WRAL TechWire reported on a profile of Whitehurst and his career, earlier this year, chronicling how Whitehurst came to join Red Hat.

During Whitehurst’s tenure at Delta Airlines, Whitehurst would download ticket data—every 10th ticket is sampled and sent to the U.S. Government—but ran into issued attempting to process it, because systems had a four-gigabyte file size.

Whitehurst first began using Linux to analyze the data, and used Fedora, which was a free version of Red Hat Linux.

He was recruited to join Red Hat, and joined in 2007 as CEO, right at the time the company was constructing a new business model, during which the company saw itself as a transformer of how technology is built and consumed.

“I think I speak for most Red Hat engineers when I say this is working with IBM to look way far off into the future and execute against it,” said Whitehurst in the profile that originally appeared in C-Suite Quarterly.  “We were taking technologies and iterating on them.
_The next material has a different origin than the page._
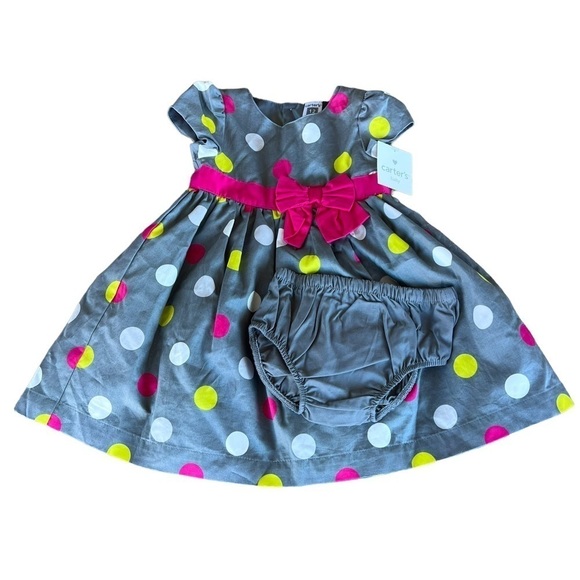 Carter’s Dress Me Up Polka Dot Dress Baby 12 Months Gray Pink Sash Bow Tulle NWT - Picture 1 of 9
That iterative innovation that we talked about in open source and modularity is extraordinary to drive the pace of innovation.”

Whitehurst steps down at IBM but will remain ‘senior advisor’, CEO says

Whitehurst will stay a few months at IBM as a “senior advisor,” according to last week’s announcement from Krishna.

“Jim Whitehurst has played a pivotal role in the IBM and Red Hat integration. In the almost three years since the acquisition was announced, Jim has been instrumental in articulating IBM’s strategy, but also, in ensuring that IBM and Red Hat work well together and that our technology platforms and innovations provide more value to our clients. Jim has decided to step down as IBM President,” Krishna wrote.

“However I am pleased he will continue working as Senior Advisor to me and the rest of the Executive Leadership Team as we continue to evolve our business,” he added.